Я зажег свет в спальне, но только через некоторое время услышал, что Маршал идет и что-то вполголоса шепчет. Знал, что этот шепот конечно же означает недовольство. Это повторялось почти ежедневно.
Вначале он садился на кровать и докуривал папиросу. В это время я приносил из кабинета пасьянсные карты, так как Маршал иногда любил уже в постели разложить «пирамидку» или «елочку». Рядом с картами клал на ночном столике часы, очки и револьвер. Пилсудский всегда любил иметь под рукой револьвер.
Я сходил еще раз в кабинет, чтобы выключить свет. Через минуту возвратился и сообщил, что комнатный термометр показывает 17 градусов тепла по Реомюру. Маршал не признавал Цельсия, ему всегда нужно было давать температуру по восьмидесяти градусной шкале, а температурой на улице и в помещении он очень интересовался. Кроме того, Маршал очень не любил ветра и всегда спрашивал, дует или не дует на улице.
Хотя Маршал был уже в постели, я не отходил. Присел у окна и ждал, пока он не уснет. Делал так я всегда, а позднее потихоньку, на цыпочках выходил в свою комнату. Но Маршал и не думал спать. Курил и что-то обдумывал. Было уже начало пятого, у меня слипались глаза, но я держался. В это время Маршал сел на постели и заявил:
— Слушайте, на завтра нужно будет пригласить Бека.

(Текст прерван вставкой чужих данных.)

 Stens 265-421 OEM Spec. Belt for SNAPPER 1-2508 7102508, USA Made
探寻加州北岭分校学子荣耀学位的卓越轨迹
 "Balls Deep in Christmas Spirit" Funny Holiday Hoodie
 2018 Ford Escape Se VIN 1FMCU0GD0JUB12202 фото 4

Я знал, что Маршал очень не любил сам назначать время приемов, поэтому быстро сказал:
— Наверное, лучше будет в шесть вечера.
Ни спрашивал, ни утверждал, использовал какую-то среднюю форму.

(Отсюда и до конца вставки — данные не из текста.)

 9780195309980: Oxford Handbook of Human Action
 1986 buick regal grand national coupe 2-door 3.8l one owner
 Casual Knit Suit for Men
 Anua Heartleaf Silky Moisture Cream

Маршал кивнул головой: «Перед обедом пусть придет Каспшицкий»[229].
Перед обедом — это я уже знал — значило в 13.00.
Я вышел на минуту в свою комнату, чтобы сделать пометку о планируемой встрече. Маршал все еще не спал, но уже готовился ко сну. Прилег на правый бок, опершись головой о ночной столик. В такой позе он спал целыми часами и обычно только утром укладывался нормально на подушку. Эту привычку он перенял от матери.
Еще минута — и я услышал, что Маршал начал спокойно, глубоко дышать. Уснул. Я поднялся и, старательно обходя хорошо известные мне скрипящие плитки паркета, пошел в свою комнату.
Свет в комнате Маршала я не выключал, обычно он оставался включенным на всю ночь.
Я пришел из города в 14.00. Обычно спокойный капитан Миладовский поздоровался со мной, проявляя признаки волнения. Уже на пороге он сказал то зловещее слово, от которого леденело сердце и которое все чаще повторяли люди из ближайшего окружения Маршала. Он сказал: «Плохо».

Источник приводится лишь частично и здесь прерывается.